■ **YOUR ASSIGNMENT**
Could you transcribe each entry below exactly, minus the images?

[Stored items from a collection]
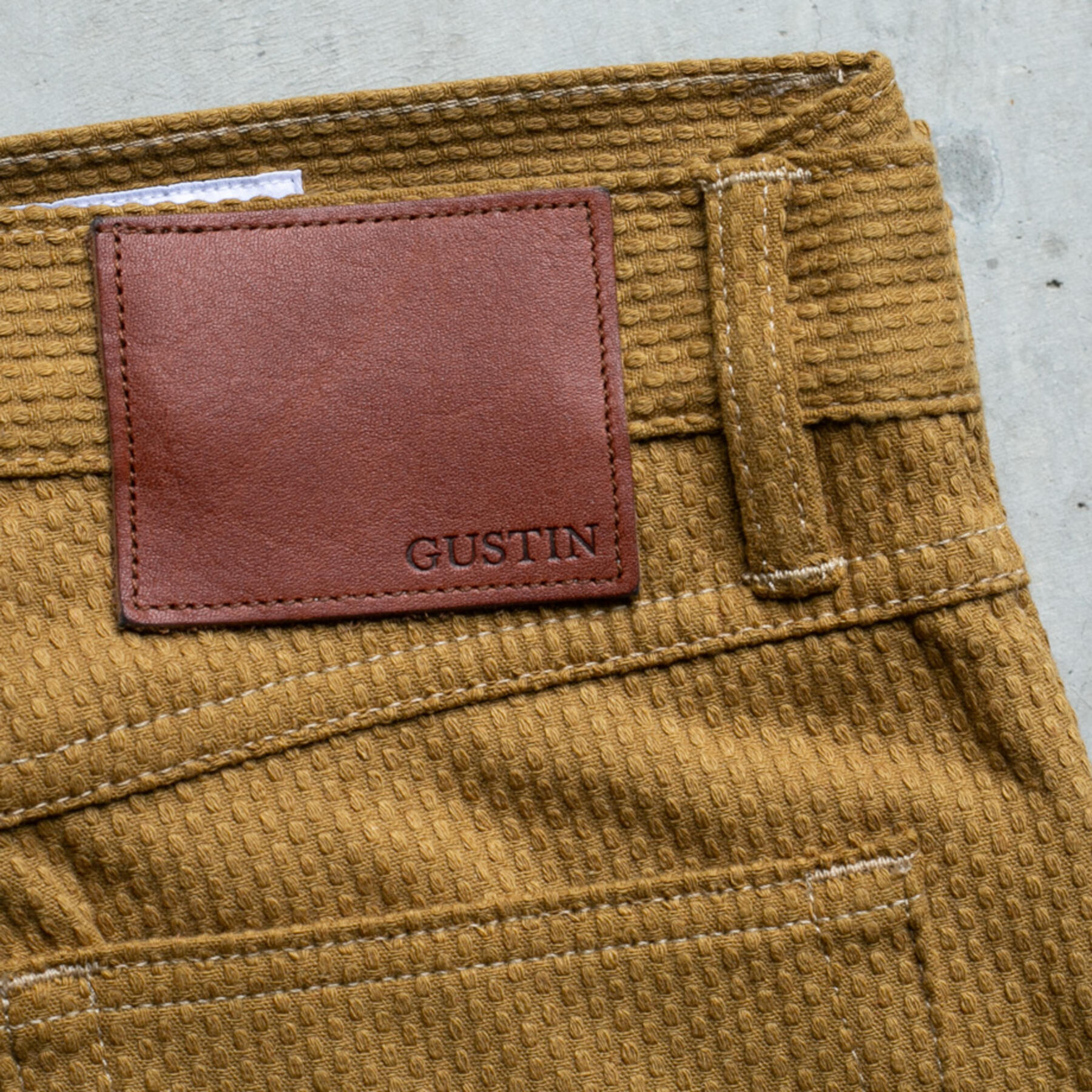 gustin #288 japan sashiko 5 pocket - camel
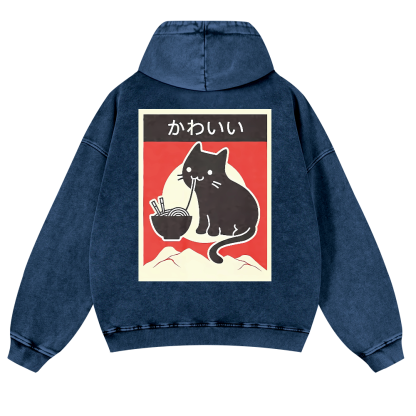 Ramen Cat Vintage Washed Cotton Back Art Hoodie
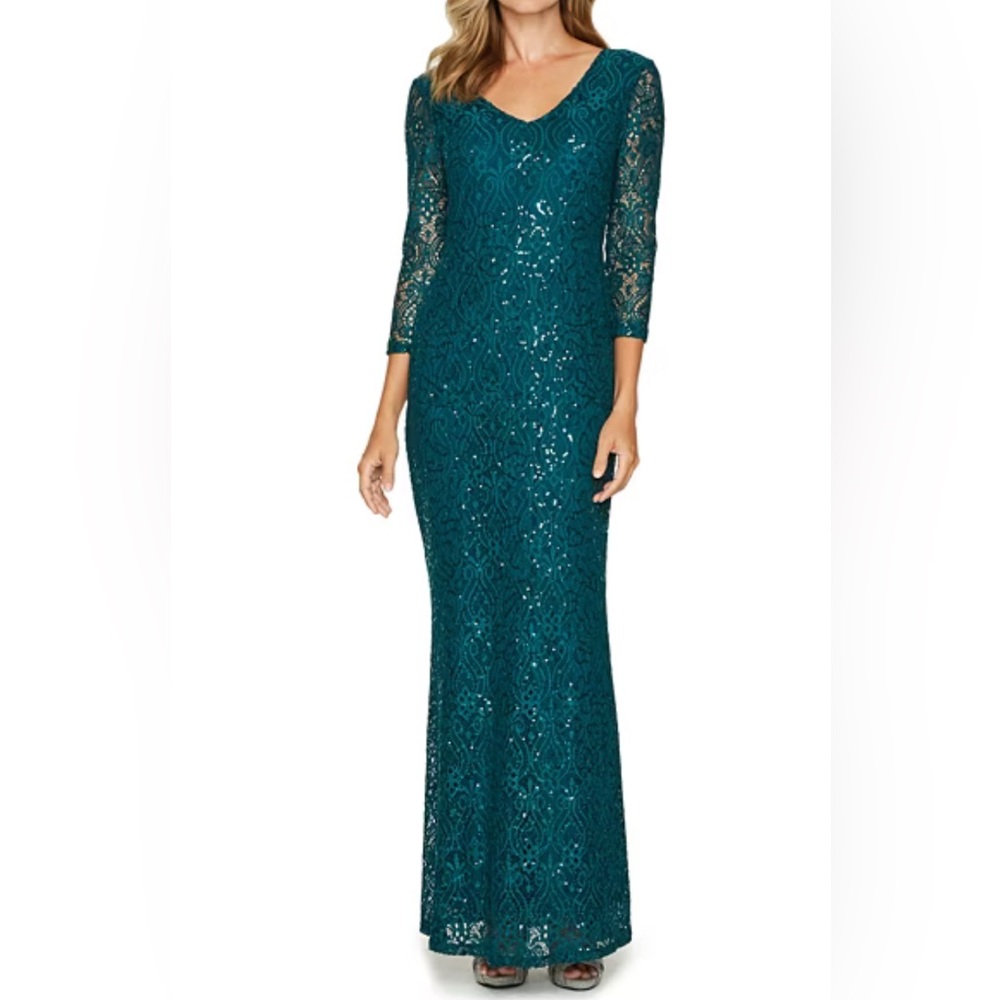 Women’s Formal Dress Blu Sage Green Long Sleeve Lace Sequin Gown Size 8 NWT - Picture 4 of 8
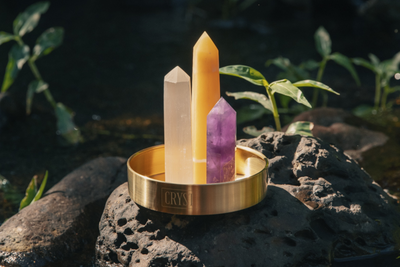 Clearing Energy Crystal Trio - Orange Calcite, Selenite + Amethyst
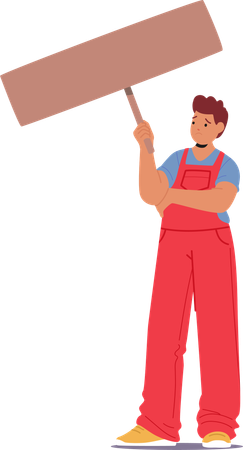 Worker Character In Red Overalls Holding Empty Signboard And Looking Disappointed  Illustration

■ **COMPLETED TASK**
 gustin #288 japan sashiko 5 pocket - camel
 Ramen Cat Vintage Washed Cotton Back Art Hoodie
 Women’s Formal Dress Blu Sage Green Long Sleeve Lace Sequin Gown Size 8 NWT - Picture 4 of 8
 Clearing Energy Crystal Trio - Orange Calcite, Selenite + Amethyst
 Worker Character In Red Overalls Holding Empty Signboard And Looking Disappointed  Illustration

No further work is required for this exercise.